Research shows these five small changes could save you up to 550 calories a day—almost 5 pounds a month without dieting!
Think it takes a massive diet overhaul to lose weight and keep it off? Not necessarily. Small changes in your daily routine can add up to make you eat fewer calories every day. Incorporate these five small diet tweaks and you could be losing weight with minimal effort.
1. Have soup before your meal (save ~134 calories)

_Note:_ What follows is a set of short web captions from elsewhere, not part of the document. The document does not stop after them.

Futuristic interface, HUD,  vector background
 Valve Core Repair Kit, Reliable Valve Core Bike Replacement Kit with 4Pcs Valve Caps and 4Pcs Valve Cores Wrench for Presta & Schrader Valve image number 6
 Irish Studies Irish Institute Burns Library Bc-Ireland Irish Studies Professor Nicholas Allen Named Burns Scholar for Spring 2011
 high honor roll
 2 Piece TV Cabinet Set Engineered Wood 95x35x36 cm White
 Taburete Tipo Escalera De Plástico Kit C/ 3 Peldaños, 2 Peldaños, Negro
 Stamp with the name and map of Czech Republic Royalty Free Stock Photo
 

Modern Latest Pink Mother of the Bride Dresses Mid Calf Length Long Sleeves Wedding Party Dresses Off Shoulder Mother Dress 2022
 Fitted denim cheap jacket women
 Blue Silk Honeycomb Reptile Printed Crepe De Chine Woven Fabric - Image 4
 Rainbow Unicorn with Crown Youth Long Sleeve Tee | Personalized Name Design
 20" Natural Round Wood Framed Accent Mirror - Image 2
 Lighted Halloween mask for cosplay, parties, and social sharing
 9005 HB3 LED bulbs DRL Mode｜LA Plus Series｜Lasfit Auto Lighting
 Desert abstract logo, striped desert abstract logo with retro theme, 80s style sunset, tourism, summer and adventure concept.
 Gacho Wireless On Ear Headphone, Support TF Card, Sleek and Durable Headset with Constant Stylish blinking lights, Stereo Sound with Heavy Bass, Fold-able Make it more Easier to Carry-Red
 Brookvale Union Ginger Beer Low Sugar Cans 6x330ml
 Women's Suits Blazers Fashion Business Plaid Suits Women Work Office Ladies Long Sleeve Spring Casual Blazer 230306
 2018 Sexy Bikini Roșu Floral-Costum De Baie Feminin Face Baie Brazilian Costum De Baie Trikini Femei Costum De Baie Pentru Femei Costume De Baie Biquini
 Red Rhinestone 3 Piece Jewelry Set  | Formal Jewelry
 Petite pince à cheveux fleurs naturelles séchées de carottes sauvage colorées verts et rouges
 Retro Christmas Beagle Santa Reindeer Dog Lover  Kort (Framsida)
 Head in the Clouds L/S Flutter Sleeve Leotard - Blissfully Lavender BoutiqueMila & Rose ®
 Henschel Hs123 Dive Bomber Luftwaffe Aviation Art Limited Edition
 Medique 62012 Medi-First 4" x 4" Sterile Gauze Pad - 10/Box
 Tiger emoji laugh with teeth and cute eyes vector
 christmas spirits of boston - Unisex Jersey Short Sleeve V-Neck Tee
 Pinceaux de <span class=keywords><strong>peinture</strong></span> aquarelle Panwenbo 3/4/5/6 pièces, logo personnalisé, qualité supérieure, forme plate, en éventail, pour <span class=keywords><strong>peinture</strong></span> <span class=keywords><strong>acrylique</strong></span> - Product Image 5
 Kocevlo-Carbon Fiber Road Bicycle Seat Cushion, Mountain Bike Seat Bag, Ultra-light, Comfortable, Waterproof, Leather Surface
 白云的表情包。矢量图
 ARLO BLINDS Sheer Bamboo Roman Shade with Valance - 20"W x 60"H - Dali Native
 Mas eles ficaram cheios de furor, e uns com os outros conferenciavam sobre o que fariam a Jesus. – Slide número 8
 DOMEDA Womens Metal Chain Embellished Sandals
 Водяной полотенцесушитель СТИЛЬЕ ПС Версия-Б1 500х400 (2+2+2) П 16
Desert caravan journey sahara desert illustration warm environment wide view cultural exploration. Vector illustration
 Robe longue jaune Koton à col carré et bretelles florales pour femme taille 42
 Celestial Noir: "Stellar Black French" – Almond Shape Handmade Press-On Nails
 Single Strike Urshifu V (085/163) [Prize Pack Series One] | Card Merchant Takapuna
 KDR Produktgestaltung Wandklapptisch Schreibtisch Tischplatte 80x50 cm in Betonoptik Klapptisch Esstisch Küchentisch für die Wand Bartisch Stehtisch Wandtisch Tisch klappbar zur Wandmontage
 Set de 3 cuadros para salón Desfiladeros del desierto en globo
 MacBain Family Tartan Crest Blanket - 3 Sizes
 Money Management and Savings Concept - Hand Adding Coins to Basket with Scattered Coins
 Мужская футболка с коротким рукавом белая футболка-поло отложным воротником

A study of 60 men and women found that when they ate soup before lunch, they ate 20 percent fewer calories (an average of 134 calories less) than if they didn’t eat soup first. How does soup help with weight loss? It’s mostly water and vegetables, and it fills your stomach for fewer calories. The study used a broth soup with vegetables and a small amount of butter. Aim for a low-calorie soup (not creamy) to sit down to before your meal. Try having my homemade Vegetable Stock before meals, or have my fiber-packed Best Ever Lemony Lentil Soup for lunch for extra staying power!
2. Eat when you’re hungry, stop when you’re full (save 100 calories)
Seems like a no-brainer, but we all overeat at times whether due to stress, boredom, or just smelling that amazing delivery pizza. If you find yourself overeating, a mindful eating program can help you binge less often. It includes meditations and reflecting on why you choose to eat and whether you are truly hungry. Mindful eating can help people lose an average of 7 pounds over 10 sessions. Even if you don’t binge, increasing your awareness of hunger and fullness could help you maintain a healthy weight. Ask yourself, “How hungry am I on a scale from 1 to 10?” before and during eating. Stop eating when you are at about a 7, not when you’re at a 10 (the fullest you’ve ever felt—think after Thanksgiving dinner).
3. Weigh yourself once a week (save ~100 calories)
Make peace with your bathroom scale if you want to lose weight. In a study of 40 dieters, the more often people weighed themselves, the more weight they lost. Keeping track of your weight regularly can help you avoid going too far off track. I typically recommend people weigh themselves twice a week, first thing in the morning on an empty stomach. Weighing yourself every day will capture fluctuations in fluids based on factors like whether you had a salty meal the night before or because of changes in hormone levels with your monthly cycle. Look at the pattern week by week rather than being focused on day to day changes.
4. Eat breakfast and include protein, fruit and vegetables (save ~100 calories)
Regularly eating breakfast can help you lose weight and keep it off. Slim by Design, an online registry of people who are lean without dieting, asked 147 people to share information about their breakfast habits. Ninety-four percent of these effortlessly slim people said they eat breakfast every morning, and more than half of them include fruit and vegetables in their breakfast. Research has also shown that breakfast skippers tend to gain weight over time, probably because they eat higher-calorie foods later in the day. Waking up your metabolism is key to weight loss. Literally breaking the fast lets your body know it doesn’t have to preserve calories, it’s time to burn them! Don’t have time for a morning meal? Try myBlueberry Turmeric Smoothie for a quick and portable breakfast that packs in both protein and produce.
5. Drink a big glass of water before your meal (save ~125 calories)
We’ve all heard that drinking water helps you lose weight, but the amount and timing make a difference. Along with healthy eating and regular exercise, drinking 16 ounces of water 30 minutes before every meal can help you eat 125 fewer calories a day. In a study of 84 obese adults, everyone was given general healthy eating advice and then they were split up into two groups: One of the groups was told to drink 16 ounces of water half an hour before each meal for three months. The other group was told to visualize having a full stomach before every meal. The people who drank water before each meal lost an average of 9 pounds—3 pounds more than the group who imagined they were full before eating. Time to invest in a 16-ounce water bottle!